- **PROBLEM REQUIREMENTS**
Transcribe nothing except the lines below that run from the one with "Плед новорічний Merry" to the one with "ThemeForest Greenergi", ends included, and do not copy any picture.

*** Opening of RECORDS FOR THIS TASK ***

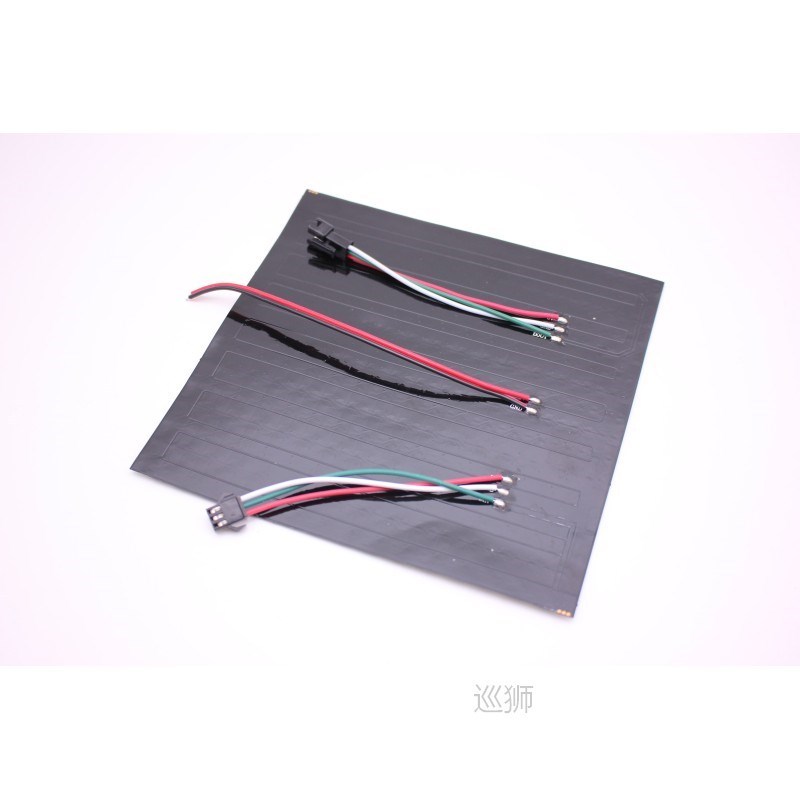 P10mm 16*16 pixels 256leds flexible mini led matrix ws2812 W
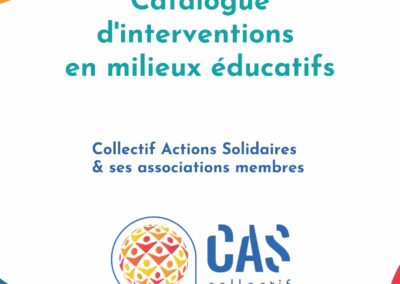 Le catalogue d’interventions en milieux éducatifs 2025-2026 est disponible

*** Close of RECORDS FOR THIS TASK ***
*** Opening of RECORDS FOR THIS TASK ***

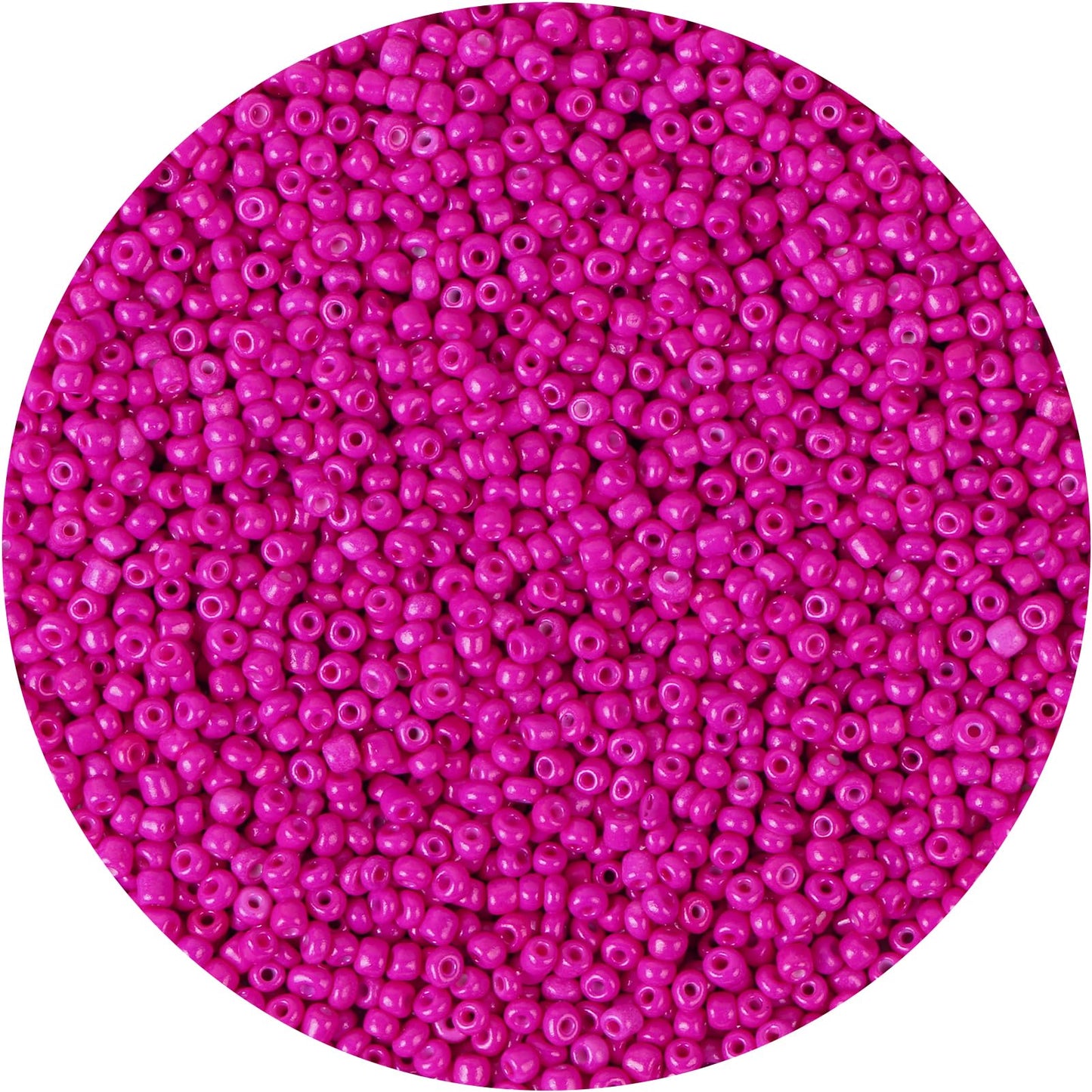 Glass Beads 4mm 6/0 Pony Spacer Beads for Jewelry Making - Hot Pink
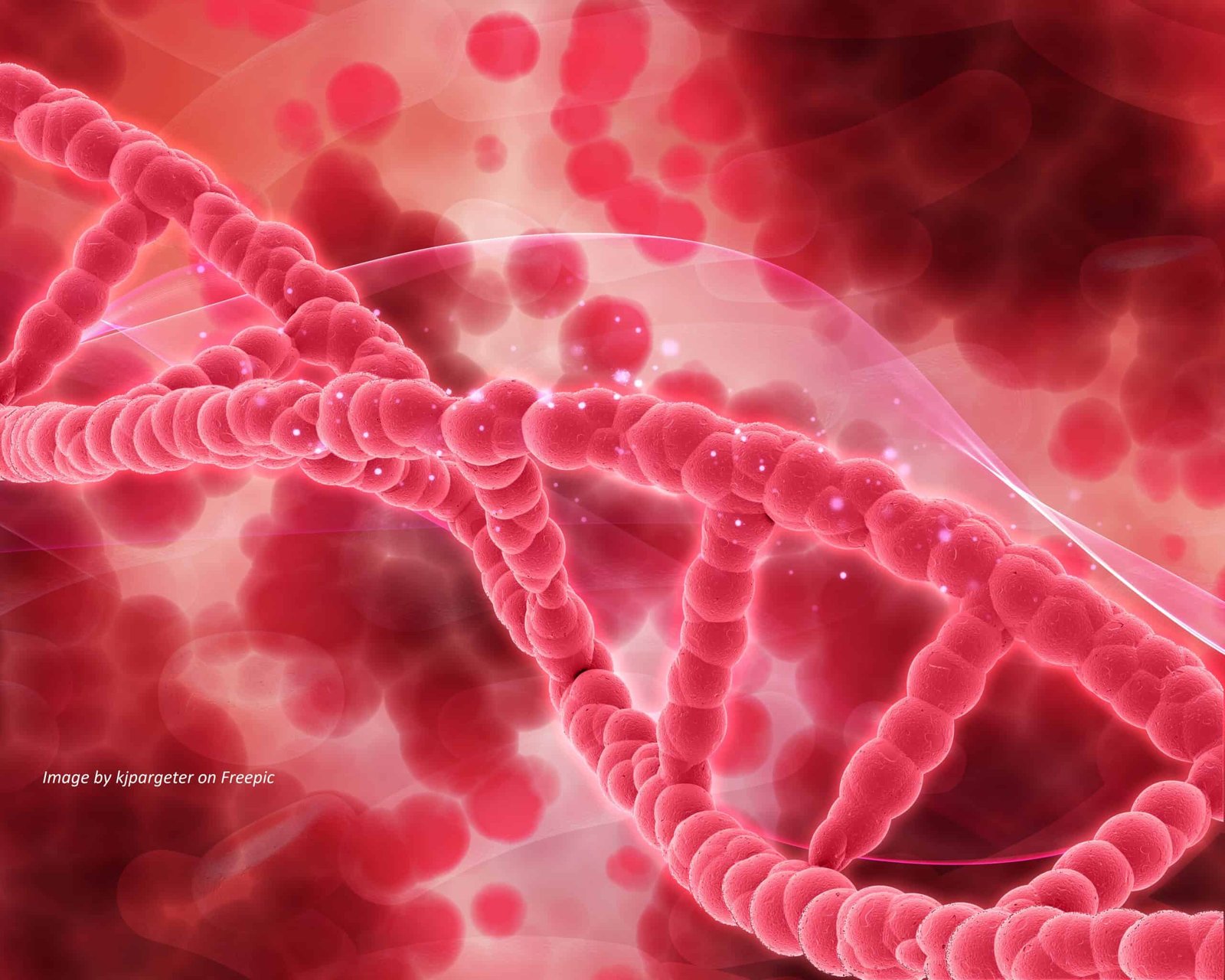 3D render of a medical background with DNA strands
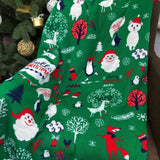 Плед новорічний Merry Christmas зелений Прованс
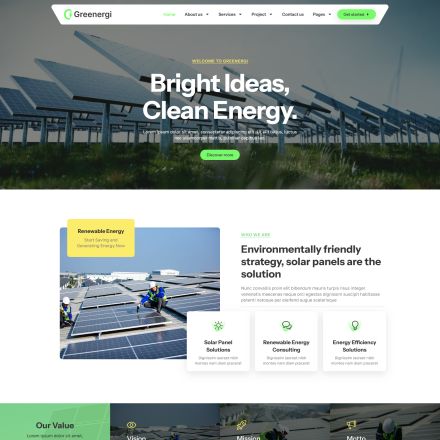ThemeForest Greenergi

*** Close of RECORDS FOR THIS TASK ***

- **TASK ANSWER**
 Плед новорічний Merry Christmas зелений Прованс
ThemeForest Greenergi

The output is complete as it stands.